“When beggars die there are no comets seen; the heavens themselves blaze forth the death of princes.” – William Shakespeare, Julius Caesar
Had we but known: it was the stuff of legend – every nerve-wrenching night of angry passion; every frenzied, riotous stage invasion; every sweat-dripping, gob-covered drum beat and guitar riff – each fragment no less important then the other, as night after night, the essential ingredients wove strand upon strand to form the intricate fable that has become the legacy of The Clash, and their seven year convulsion of raw intensity and outrageous audaciousness. The victors get to rewrite history, which in this case has been the authors and journalists.
Had anyone else but known: there was no script, no master plan – it was sheer bluster and guts at each turn. Every gig was a street-fight, every tour was a war, and we played the hand we were dealt at every show, like a tightrope walker with a death-wish, unwilling and incapable of looking down. It all amounted to the most chaotic roller-coaster ride of mayhem and intensity imaginable. The Clash’s journey from English highstreet clubs to American sports stadiums was a visceral story of adrenaline-fueled bravado – rare in their sensitivity, rash in their violence, but ultimately dazzling in the reactive chemistry with which they seared the music landscape.

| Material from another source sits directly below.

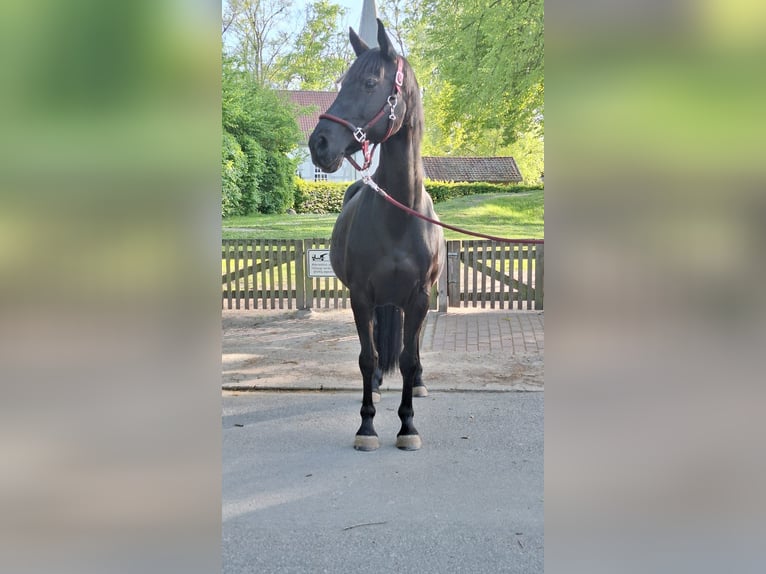 Deutsches Reitpferd Stute 13 Jahre 153 cm Rappe in Uetze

For my part, I took the whole seven-year mission, and when it was over, I never sought another gig, or looked back over my shoulder (until now, maybe.) And there were so many others who also travelled portions of that voyage with them…..unsung heroes and shameless villains alike. Some were just hired hands, others – fully committed – had their lives changed irrevocably, but all were touched by that special quality and character of the band and the extraordinary events that inevitably erupted around them. If you worked for them in any capacity, you inexorably became swept up in the tide of fervor and adulation that surrounded and reflected off them. For better or worse, you became part of the insanity of those times, and therefore tainted by mere association.
Nothing was ever orderly or mundane within ‘Clashworld’ and the most innocent everyday events could turn into a nightmare, unbidden. The truth was; there were no everyday events in the history of the Clash. And for those of us on the crew, touring was no less a daily descent into hell – a ‘Kafkaesque’ rush of reality-distorting highs and lows, blurring the lines between fact and fiction. We flipped the switch between combat-stance and neutral several times each day – adrenaline on/adrenaline off! There were no weekdays or weekends, no bank holidays or Easters, and for both crew and band existing in our insulated time-capsule, the calendar became irrelevant, seasons sliding past unnoticed, marked only by changing temperatures.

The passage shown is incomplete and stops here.